Pose-Conditioned Face Swap – added pose maps to align gaze and head angle.
Full Head Swap – replaced the entire head (including hair) for stronger identity control.
After ~2000 steps, the focus moved toward head swap refinement.
At ~4000 steps, the dataset was narrowed to perfect skin-tone matches, and by the end of training,
the dataset evolved from 628 → 138 → 76 high-quality samples for final fine-tuning.
⚠️ Note:
While Focus Face can still perform standard face swaps, it’s more naturally inclined toward full head swaps due to its data balance.

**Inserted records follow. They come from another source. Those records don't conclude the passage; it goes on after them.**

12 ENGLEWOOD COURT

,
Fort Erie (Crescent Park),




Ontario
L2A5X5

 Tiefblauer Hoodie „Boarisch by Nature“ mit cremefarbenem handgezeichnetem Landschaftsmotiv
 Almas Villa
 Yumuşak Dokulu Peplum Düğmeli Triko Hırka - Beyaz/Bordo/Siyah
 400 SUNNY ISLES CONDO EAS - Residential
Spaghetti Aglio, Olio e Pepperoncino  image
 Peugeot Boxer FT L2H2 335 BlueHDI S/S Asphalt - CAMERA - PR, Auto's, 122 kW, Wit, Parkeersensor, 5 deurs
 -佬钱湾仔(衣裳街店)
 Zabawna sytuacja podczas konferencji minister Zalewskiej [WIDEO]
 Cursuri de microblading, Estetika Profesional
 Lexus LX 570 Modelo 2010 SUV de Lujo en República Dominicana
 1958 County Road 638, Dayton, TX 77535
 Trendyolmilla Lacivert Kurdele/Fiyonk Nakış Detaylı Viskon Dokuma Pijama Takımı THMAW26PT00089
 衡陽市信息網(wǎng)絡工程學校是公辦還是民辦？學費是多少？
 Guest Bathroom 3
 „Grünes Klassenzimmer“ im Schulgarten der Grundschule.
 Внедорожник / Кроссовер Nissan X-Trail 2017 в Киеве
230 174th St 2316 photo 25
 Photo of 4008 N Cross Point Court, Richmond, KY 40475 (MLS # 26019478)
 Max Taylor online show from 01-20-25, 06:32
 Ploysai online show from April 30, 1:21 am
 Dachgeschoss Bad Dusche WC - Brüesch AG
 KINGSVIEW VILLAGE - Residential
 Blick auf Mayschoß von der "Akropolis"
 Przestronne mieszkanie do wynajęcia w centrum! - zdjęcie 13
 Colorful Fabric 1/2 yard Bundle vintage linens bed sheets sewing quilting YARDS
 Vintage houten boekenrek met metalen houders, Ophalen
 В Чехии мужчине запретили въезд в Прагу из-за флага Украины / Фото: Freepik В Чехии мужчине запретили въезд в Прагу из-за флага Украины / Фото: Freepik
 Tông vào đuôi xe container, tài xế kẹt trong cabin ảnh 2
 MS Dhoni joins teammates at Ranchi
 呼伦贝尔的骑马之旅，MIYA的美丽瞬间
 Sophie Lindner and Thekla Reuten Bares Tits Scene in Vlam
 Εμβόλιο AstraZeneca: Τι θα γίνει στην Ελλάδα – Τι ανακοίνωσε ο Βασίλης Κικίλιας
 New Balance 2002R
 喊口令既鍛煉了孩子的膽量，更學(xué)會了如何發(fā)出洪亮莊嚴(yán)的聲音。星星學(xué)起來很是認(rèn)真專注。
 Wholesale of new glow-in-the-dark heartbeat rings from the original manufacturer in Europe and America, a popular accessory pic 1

This was intentional in part, but also a side-effect of dataset distribution and mixed conditioning.
⚠️ Important Notice
Do not share results involving real people, celebrities, or public figures.
Civitai’s moderation may disable posts that violate likeness or consent rules.
This model is intended only for artistic and fictional characters, educational use, and AI experimentation.
I take no responsibility for any misuse of this model. Please use it responsibly and respect all likeness rights.
Description
🎬 BFS — Video Head Swap (Bernini-R / Wan 2.2)
A separate, video branch of the BFS series — it's a LoRA trained on top of Bernini-R (the ByteDance Bernini renderer, built on Wan2.2-T2V-A14B). It does head/face swap on video
clips while keeping the body, motion, clothing and scene of the source video.
How it works (why it's not a "normal" LoRA)
Bernini is a reference-conditioned (in-context) model. There are no new layers, but the training is not a standard character LoRA — for every step the pipeline:
- VAE-encodes the guide video and the head reference image as clean latents (same Wan latent space as the target),
- concatenates them into the same self-attention sequence as the noisy target, each tagged with its source_id RoPE phase (target = 0, guide = 1, reference = 2),
- and computes the flow-matching loss only on the target tokens.
Because a normal trainer (e.g. the standard AI-Toolkit Wan path) just noises a single clip, it can't teach this. I wrote a custom training script for it — open source here:
⚙️ Training details
- Base: Bernini-R (Wan2.2-T2V-A14B), dual-expert MoE (high-noise + low-noise) → the LoRA is a high/low pair, each applied to its respective expert.
- Config: rank 64 / alpha 64, lr 1e-4, 73 frames, 640 px long edge, single-expert GPU offload (only the routed expert stays on GPU so high frame counts fit one card).
- Dataset: ~538 head-swap triplets (target video, guide video, head-reference image). Captions are intentionally minimal — most are just the trigger head_swap:, so identity comes from the reference + in-context mechanism, not the text.
- Steps: best results around 2,500–3,000 (ArcFace identity similarity plateaus ~0.57; FM loss is flat, ArcFace is the real signal).
🔧 Usage (ComfyUI)
- Base must be Bernini-R (high + low), not vanilla Wan2.2 — the LoRA is a delta on Bernini's in-context fine-tune.
- Apply ..._high_noise to the high-noise model and ..._low_noise to the low-noise model.
- rank 64 / alpha 64 → scaling 1.0; start at strength 0.7–1.0.
- Use the Head-Swap Bernini Conditioning node (in my BFS node pack): guide_video → source_id 1 (kept), head_image → source_id 2 (identity).
- Trigger: head_swap: (alone is enough; an optional FACE/ACTION description can follow).
🧠 Personal notes
- Crop the reference to head/shoulders only — a full-body reference makes the body bleed into the result.
- Output follows the guide video (it becomes the rendered frame), so a clean, well-sized guide gives the best result.
- Stay near the trained resolution/frames (≈640 / 73f) — pushing far beyond is where temporal consistency starts to break.